第60話 信号
アリサたちの戦いを遠目から見ていたジュン、その隣には他人で部外者で厄介なストーキング男。
「有象無象ではレジデント王、モウリには太刀打ちできませんか」
「……」
「他の者も悪くない動きですね、まぁ及第点といった感じでしょうけど…」
「……」
「そういえば、レジデントは既に属国でしたね。王という敬称が不要だったのを忘れていましたよ」
「……」
(はいはいはい、一人納得ありがとね)
遂に、口を開くのも面倒になってしまったジュン。好きでもない男とずっと一緒にいて疲れてしまったからだ。

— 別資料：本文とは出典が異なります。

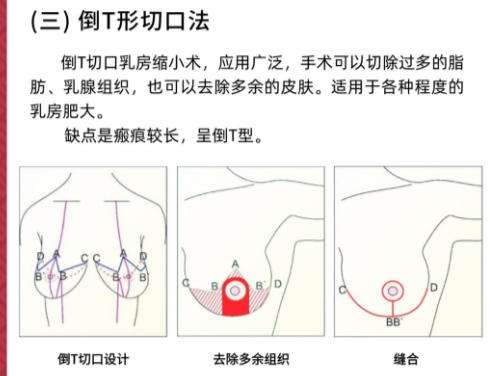 缩胸3.jpg 缩胸3.jpg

(ああ…、もちっとした肌に……溢れんばかりのおっぱい……可愛い後ろ姿……)
人目を気にしたばかりに、満足に自分の好きを堪能できなかったのも大きい。
夢有の生足にスリスリしたかった。
月華の胸を凝視したかった。
アリサとエリカの華奢な背中を後ろから抱き締めたかったのだ。
(女の子のエキスを吸わないと……頭がおかしくなりそう)
“自動治癒”が余り意味を成していないほどだ。ニシミヤライトが守護者のように強くなければ、道中引き離すのも容易だった。
(イボイボできそう……)
救いの手はない、そう思われたその時────
「ん………?」
「ム?」
リィーンと耳鳴りのような音が鳴る。
「これは───」
「──行くのか?」
(行け行け、いけイケ早く!)
「私に向けたモノではないでしょうが、他に手の空いた者はいないかもしれませんし、行きましょうか。貴方様の戦い方を見れないのは残念ですが……」
(いいから行けっての!というか、ちゃっかり呼び方変えるなんて変態じゃない!気持ち悪いったらありゃしないわよ!本来なら、私が行きたいところだけど、王子様役は譲るから早く行ってあげなさいな!)
「終わったら、また戻りますね」
(もう来なくていいから!必要ないから!需要ないから!)
腕組みしたまま何も言わないジュンに対して、他人で部外者で厄介なストーキング変態男は丁寧に深くお辞儀しては飛び立っていく。
(はあぁぁ、やっとね)
男二人の構図にやっと解放され安堵する。今度こそ自由に行動できると意気込むジュンが相手するのは、この国の王暴君ヴァルカン。
だが遠く離れた別の場所では、まだ熱い火花が散っていることを、ジュンは知らない。